As the 1980s dawned, co-viewing was already falling out of favor a bit as broadcasters became focused on satisfying advertisers' growing obsession with reaching adult viewers between the ages of 18 and 49, a demographic that left out kids. But the rise of kid-targeted networks such as Nick, Cartoon Network — and, when it moved to basic cable in the mid- to late-1990s, Disney Channel — arguably sped up the process by giving kids their own channels, encouraging them to wander outside the broadcast ecosystem to a place with programs built specifically for them. The impact was first felt on Saturdays, where Nick began nibbling away — and then completely destroyed — the Big Three's once-mighty morning monopoly. Feeling the heat from Nick (and new FCC regulations designed to encourage more "educational" programs), NBC in 1992 was the first to give up on kids' programming on Saturdays, instead targeting teens with series such as Saved by the Bell. CBS exited five years later; ABC held on until 2004.

Nick's impact on prime time was a bit more gradual, with broadcasters still somewhat interested in co-viewing well into the 1990s, as evidenced by ABC's TGIF lineup and NBC sitcoms such as Fresh Prince of Bel-Air and Blossom. By the turn of the century, however, broadcast had all but given up on reaching family audiences. And today, save for ABC's sitcoms and Once Upon a Time, virtually nothing in prime time is built to appeal to both kids and adults. Execs rightly figure it's not worth bothering, given today's youngsters can summon up thousands of hours of age-appropriate TV on demand. "Now every kid is their own programmer," Laybourne noted.

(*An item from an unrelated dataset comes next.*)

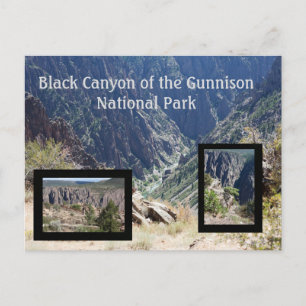Black Canyon of the Gunnison Travel Postcard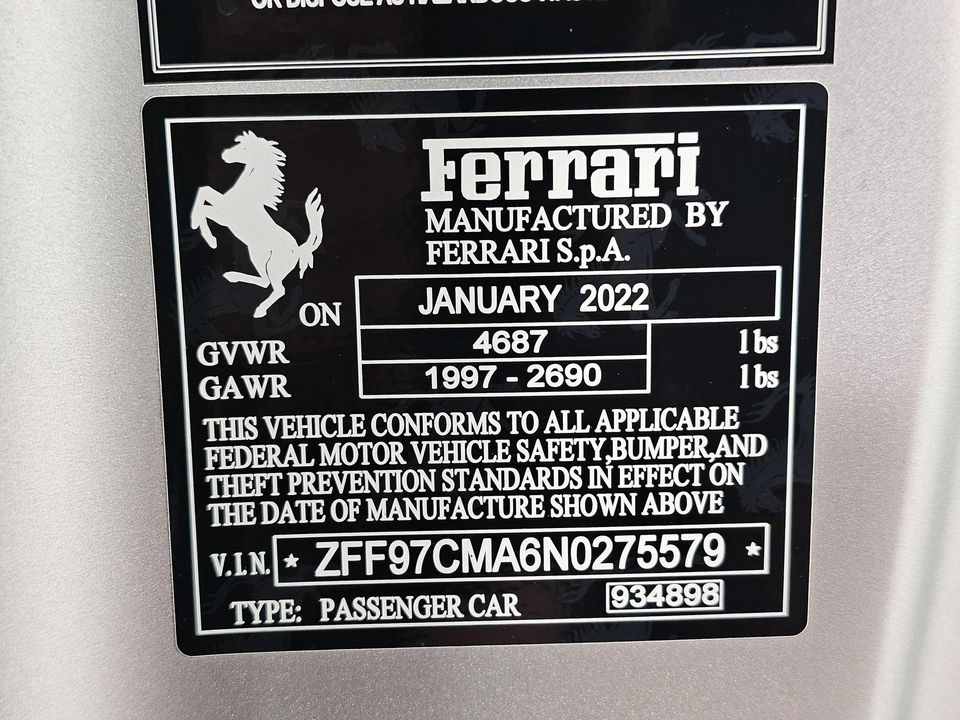 2022 Ferrari 812 GTS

It mastered the science of reinvention.
Broadcast networks, or even cable outlets such as USA or TNT, may change their programming mix a bit every few years by adding more or less of certain kinds of shows. From its earliest days, however, Nick has been faced with the challenge of a core audience, which is constantly in a state of flux: Today’s kids and tweens, currently flocking to Nick hits such as Harvey Beaks and a sitcom adaptation of School of Rock, have notably different tastes than younger millennials raised on The Wild Thornberrys, older millennials who lived for Rugrats or Gen-Xers who came of age with You Can’t Do That on Television. Like their peers at sibling network MTV, Nick execs were quick to realize the need for the network to always be reinventing itself. That’s why the sarcastic and somewhat edgy offerings Nick offered in its first decade — think The Adventures of Pete & Pete or The Ren & Stimpy Show— evolved into an emphasis on sillier and more sitcom-y fare such as Kenan & Kel or Drake & Josh.

Nickelodeon has obviously had periods of ratings decline over the years, particularly around the turn of the century, when Disney Channel transitioned from a commercial-free premium channel to an all-out basic cable rival to Nick. And over the past few years, Nick (and Disney) have both been hit hard by the shift from linear to on-demand and digital networks. Nick finds itself in the same position the Big Three broadcasters were 30 years ago —  threatened by a brand-new form of content distribution, in this case, streaming. What’s kept Nick afloat, however, has been its willingness to adapt as its target audience — kids — change their habits. As a result, Nick has now become a massively powerful brand whose reach extends around the globe and across multiple generations. There’s no guarantee it will stay as potent as it once was, but if history offers any clue, don’t bet against Nick’s ability to remake itself once more.